All four applicants are graduates of the Harocopios School of Domestic Science. Ecaterini Karayianni, applicant in Recourse No. 101/78, has been a school-mistress for Domestic Science at a Gymnasium, since 1958. Kalomira Kyprianidou, applicant in Recourse No. 213/78, has been such, since 1960, Antigoni [*374] Nikita, applicant in Recourse No. 214/78 and Kleri Serghi, applicant in Recourse No. 215/78 have been also serving as such, since 1962. In 1969 they were all emplaced on salary scale B.3. In November, 1976 they applied to the respondent Committee for emplacement to salary scale B.6 for which the required qualifications under the relevant scheme of service (exhibit 'Z'), are as follows:-

“Απαιτούμενα Προσόντα:

1. Επταετής τουλάχιστον ικανοποιητική υπηρεσία εις την θέσιν Καθηγητού επί κλίμακος Β.3, ή

Συνολική ικανοποιητική εκπαιδευτική υπηρεσία τουλάχιστον επτά ετών, εκ των οποίων το τελευταίον εν τουλάχιστον έτος εις την θέσιν Καθηγητού επί της Κλίμακος Β.3, νοουμένου ότι ό υποψήφιος κατέχει τα απαιτούμενα θέματα διά πρώτον διορισμόν εις την θέσιν Καθηγητού επί της Κλίμακος Β.3.

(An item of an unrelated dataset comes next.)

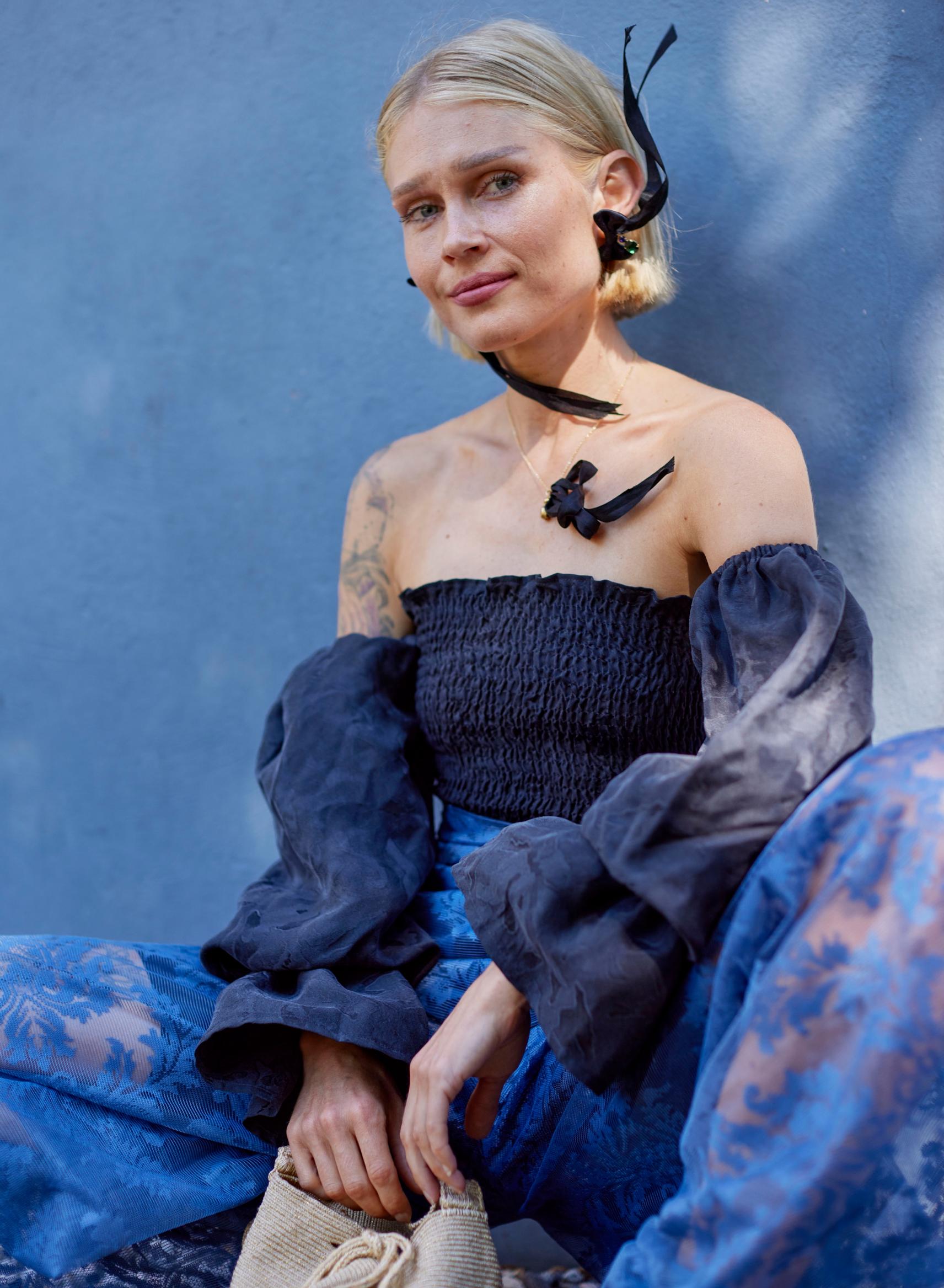 ”Tämän asun voisin pukea juhliin ja tuntea oloni omaksi itsekseni. Paita on Florencen, ja olen yhdistänyt sen verhokankaasta tehtyihin housuihin. Kaulakoru ja rusettikorvikset ovat Love x Loven mallistosta, jonka olen suunnitellut heidän kanssaan yhdessä.” Laukku Aluna. Kengät Margiela ja ne on ostettu Vestiaire Collective -verkko­kaupasta.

Σημ.: Οι εν τη υπηρεσία κατά την 1ην Ιουλίου, 1969 Καθηγηταί επί της κλίμακος Β.3 οι έχοντες ή συμπληρούντες υπηρεσίαν ως ανωτέρω προάγονται, τηρουμένων των λοιπών όρων, εις την θέσιν Καθηγητού επί της κλίμακος Β6 έστω και εάν δεν κατέχουν τα απαιτούμενα προσόντα διά πρώτον διορισμόν εις την θέσιν Καθηγητού επί της κλίμακος Β.3.

2. Επιτυχής παρακολούθησις επιμορφωτικών μαθημάτων οργανουμένων ή επί τούτω εγκρινομένων υπό του Υπουργείου, όταν και ως ήθελεν αποφασισθή.

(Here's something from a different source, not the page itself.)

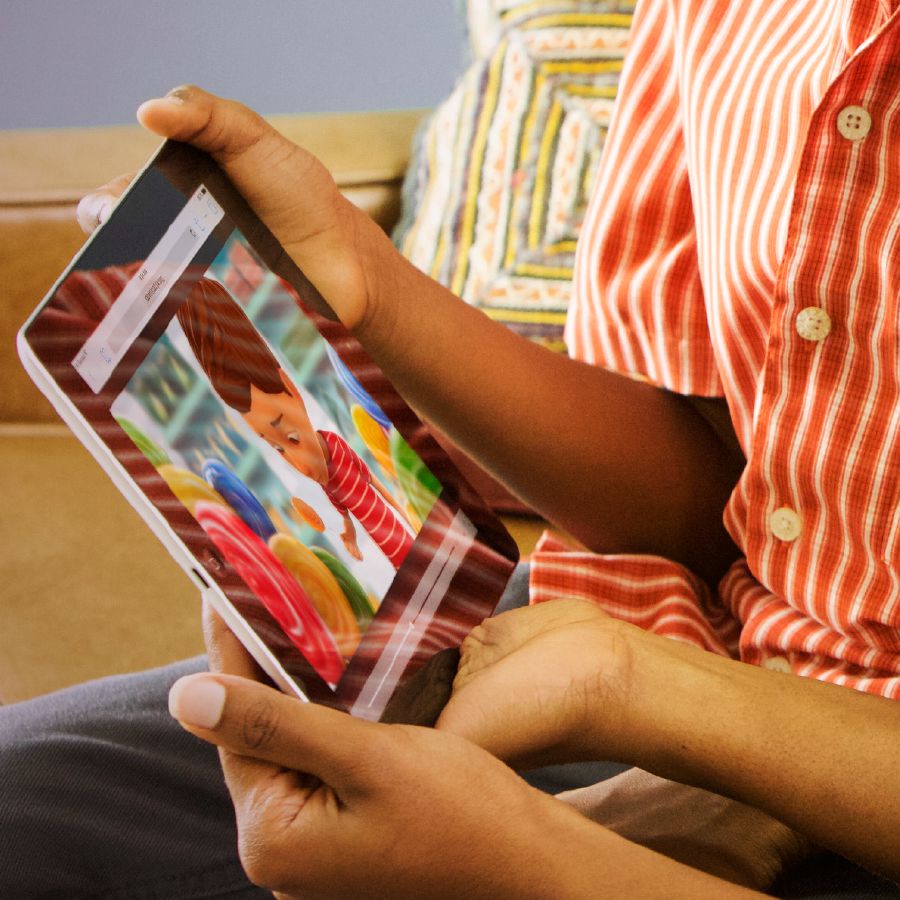 Umfanyana ubuka ivideo ethi Ukweba Akulungile ku-jw.org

(Ενεκρίθη υπό του Υπουργικού Συμβουλίου.—Αποφάσεις υπ' αρ. 8974 και 10.368 ημερ. 7.8.1969 και 5 και 6.4.1971).”

("At least 7 years satisfactory service to the post of school master on Scale B.3, or

A total of satisfactory educational service of at least 7 years, out of which at least the last one year to the post of school master on Scale B.3, provided that the candidate possesses the qualifications required for first appointment to the post of school master on Scale B.3.

Note: School masters who on the 1st July, 1969, were in the [*375] service on Scale B.3, who have or have completed service as above are promoted, subject to the remaining conditions, to the post of school master on Scale B.6 even if they do not possess the qualifications required for the first appointment, to the post of school master on Scale B.3.

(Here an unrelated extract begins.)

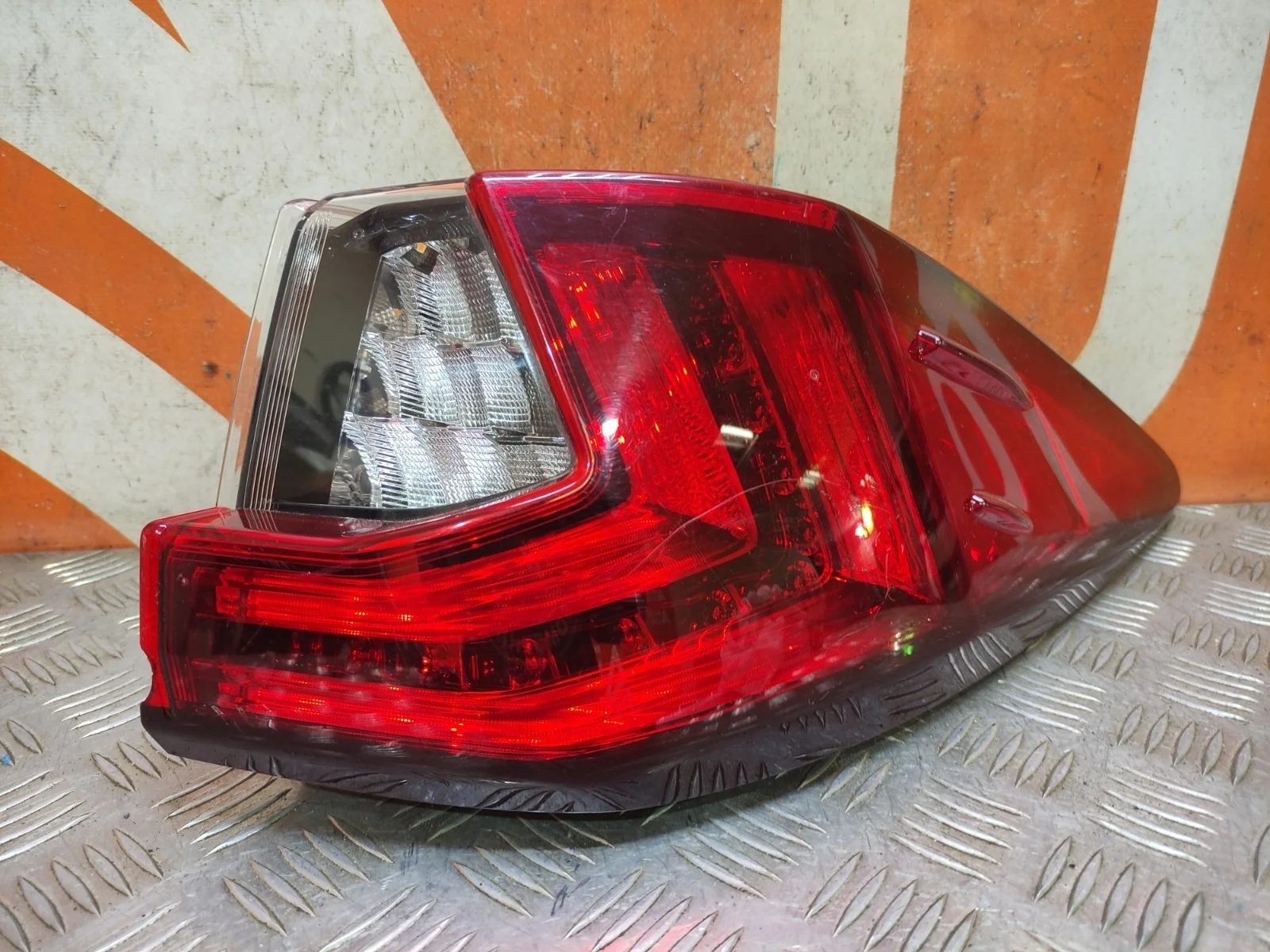 Фонарь внешний LEXUS RX 2015-2019 4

2.Successful attendance of courses in further education organized or approved in that behalf by the Ministry, when and as it will be decided.

(Approved by the Council of Ministers—Decision No. 8974 and 10.368 dated 7.8.1969 and 5 and 6.4.1971").

The respondent Committee considered the applications of the applicants at its meeting of the 18th February, 1978. After referring to the qualifications required for the post (see the minutes, exhibit 5), the Committee stated the following:-

Η Επιτροπή Εκπαιδευτικής Υπηρεσίας, αφού εμελέτησε τας ως άνω περιπτώσεις κατέληξεν εις το συμπέρασμα ότι το αίτημα των καθηγητριών δεν δύναται να ικανοποιηθή καθ' ότι αύται δεν πληρούν τας ως άνω προνοίας (1 και 2) των Σχεδίων Υπηρεσίας.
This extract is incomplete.